Applying a patented Digital DNA Mapping and in memory protection of all executable code, the Digital Immunity endpoint protection creates an alternate digital representation of all trusted executable code and compares that to actual code executing in memory at runtime, immediately prior to its execution on the endpoint to detect and thus prevent threats other traditional solutions cannot – all this without needing lengthy A.I. malware learning process or signature downloads.

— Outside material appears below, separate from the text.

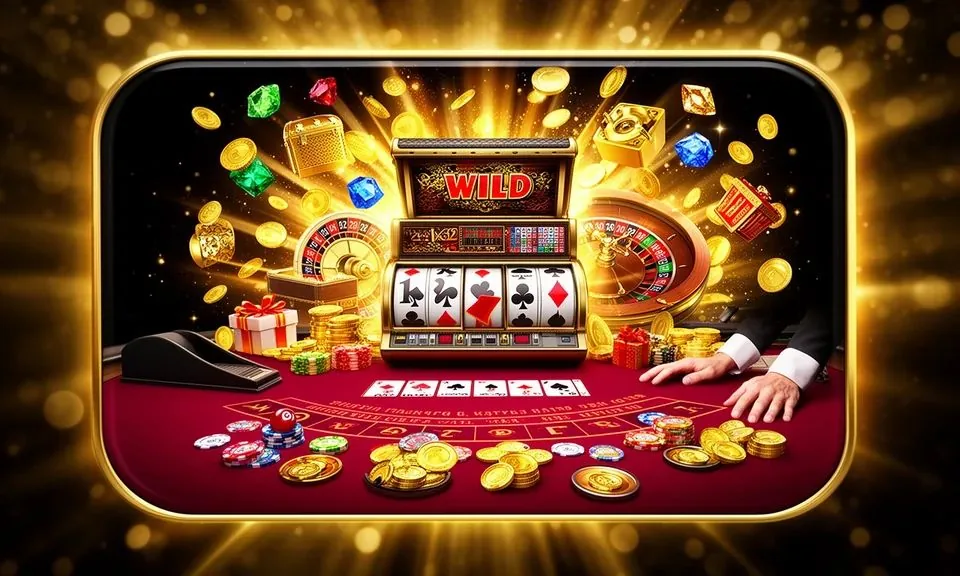 Mobile casino lobby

Unlike conventional endpoint protection typically deployed in organizations, Digital Immunity is NOT dependent on signature databases, nor does it require training to learn malware behavior. As a result, it uses a fraction of the system resources required for conventional A.I. defense mechanisms and it is fully effective from day one of deployment.

Through its advanced algorithms, the Digital Immunity approach prevents virtually all foreign or malicious code, even zero-day and novel strains of malware, from executing and exploiting vulnerabilities on your network. Digital Immunity is highly scalable and can be deployed to effectively protect both SMB and Enterprise infrastructures with low maintenance overheads.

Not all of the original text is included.